Queridos hijos:
Si es complicado hablar de las relaciones personales, más aún lo es hablar de la familia, que es el tema que hoy os propongo, aunque lo tocaré de forma muy especial. Se ha escrito muchísimo sobre esta cuestión, parece incluso que está todo dicho, pero si me preguntaseis por la experiencia más profunda que he vivido como padre, podría decir que hay un sentimiento de fondo compartido con las relaciones humanas más profundas que he tenido la suerte de experimentar en mi vida.
La auténtica relación humana, la auténtica experiencia amorosa, se caracteriza por ser una mezcla de las más variopintas vivencias, pero conforme van pasando los años uno se va dando cuenta de la distancia tan cortita que existe entre poder vivir dicha experiencia con grandeza y vivirla de manera miserable. Si esto es verdad en diferentes ámbitos de la vida, en la experiencia del encuentro y el amor esa distancia tan corta la viviréis de manera especial, y en ella os jugaréis vivir un auténtico encuentro o la pobreza más absoluta aun con apariencia de felicidad, que es cuando el infierno es más auténtico.
El misterio de todo, conforme pasen los años, lo descubriréis en la capacidad que tengáis para gestionar la unidad y la distancia que en el amor se dan al mismo tiempo. Una relación auténticamente humana, una relación amorosa, es la vivencia más profunda de ser uno con el otro y al mismo tiempo vivir la tristeza que supone la distancia de tener que ser distinto a él. Misterio de unidad y distancia abismal. Y por mucho que se desee esa unidad uno acaba reconociendo que sólo con el respeto a la distancia cabe la posibilidad de amar de verdad, porque si no, no habría amor y relación auténticos. Aprended a gestionar ese misterio y os ahorraréis muchos sufrimientos sabiendo que ser uno con alguien no exige dominar ni imponer.
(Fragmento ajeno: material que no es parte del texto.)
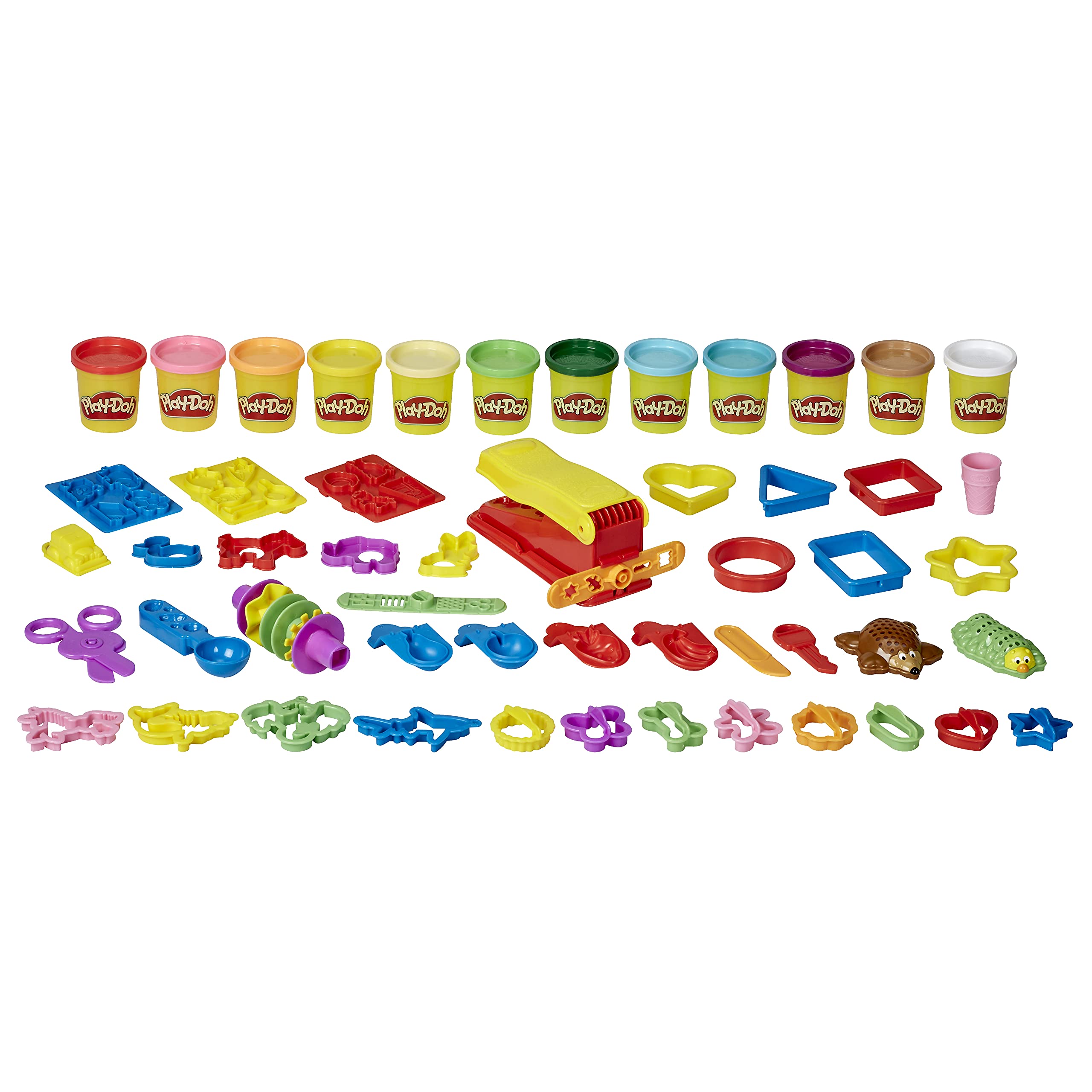 Foto 1 | Set Play-doh Ultimate Fun Factory Con 47 Herramientas Y 12 Colores - Venta Internacional.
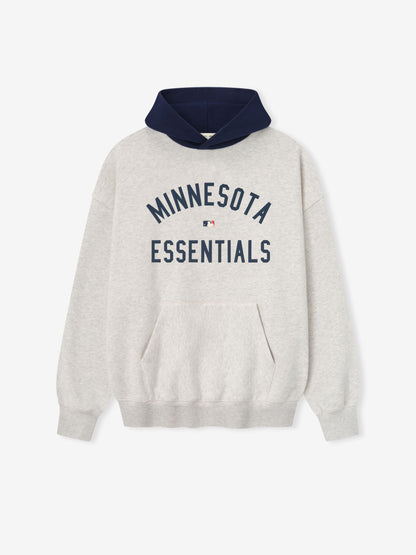 Essentials Twins Sport Hoodie Oatmeal Heather/Midnight Navy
Este es el infierno que en la familia eligen esos padres y esas madres que, cegados por la luz del amor, se olvidan de que la auténtica unidad exige la distancia, y esa distancia es la única vía del reconocimiento personal. Por no saber dónde está la identidad ni la distancia, muchos pierden la capacidad de ejercer la verdadera autoridad. Por desconocer en qué consiste esa unidad y esa distancia, también muchos viven en la perpetua obsesión de hacer de sus hijos una prolongación artificial de sus desengaños y frustraciones. Entonces los hijos acaban convirtiéndose en floreros que enseñar cuando no en dardos con los que atacar al otro.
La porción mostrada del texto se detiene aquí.